Trieste urlava. Gorizia, spesso, sussurrava. E questo sussurro, oggi, merita di essere ascoltato con attenzione.

Quando l’Italia entra in guerra nel maggio del 1915, molti irredentisti salutano con entusiasmo. Ma per altri — sloveni, imperiali, contadini — è il principio della devastazione. Gorizia si svuota. Alcuni giovani attraversano il confine per combattere con l’Italia. Altri rimangono fedeli all’Impero. Le famiglie si dividono, le amicizie si spezzano, le identità si frantumano. Quando, nel 1916, l’esercito italiano entra in città, i “redenti” credono di aver raggiunto la meta. Ma la realtà è più amara. L’Italia li guarda con sospetto. Troppo asburgici, troppo misti, troppo complessi per un’identità nazionale che non tollera sfumature.

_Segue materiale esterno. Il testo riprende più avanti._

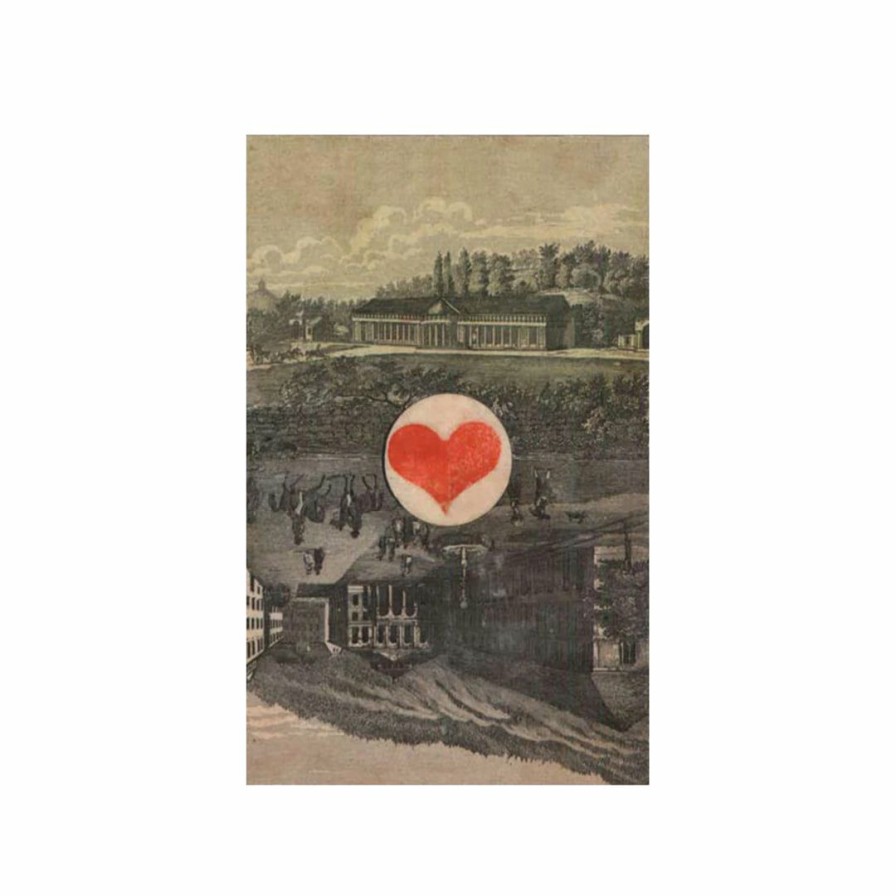 Study * | John Derian Greeting Cards Sepia Suits Heart Postcard Pack Of 10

È a questa complessità che dà voce il volume curato da Renate Lunzer, Irredenti – Redenti. Gli intellettuali giuliani e la Grande Guerra (Del Bianco, 2000). Il libro (che mi era stato consigliato dal professor Sergio Tavano) racconta le storie di figure come Slataper, Stuparich, Michelstaedter, Oblath: intellettuali sospesi tra mondi, cresciuti nella pluralità, costretti dalla guerra a scegliere, a semplificarsi, a mutilarsi. Il titolo — “irredenti e redenti” — viene messo tra virgolette, a sottolineare quanto fossero etichette comode, ma infedeli alla verità delle vite.

Lo confesso: più studio la storia di Gorizia, più mi accorgo che le etichette servono a poco. “Irredento”, “redento”, “austriaco”, “italiano”, “sloveno”... parole che sembrano solide, ma che in realtà raccontano vite fragili, attraversate dalla Storia, spesso senza possibilità di scegliere davvero.

Quel che mi resta, ascoltando le voci di allora, è un senso profondo di umanità. Di vicinanza con chi, cento anni fa, si interrogava su cosa fosse giusto, su quale patria riconoscersi, su quale lingua parlare ai figli.

Gorizia non è mai stata una città semplice. Ma forse è proprio questa complessità a renderla unica. Una città che ha sofferto, sì, ma che oggi può scegliere — finalmente — di non dimenticare, e di raccontare la propria storia senza bandiere, ma con consapevolezza. Perché solo conoscendo ciò che siamo stati, possiamo immaginare con onestà ciò che vogliamo diventare.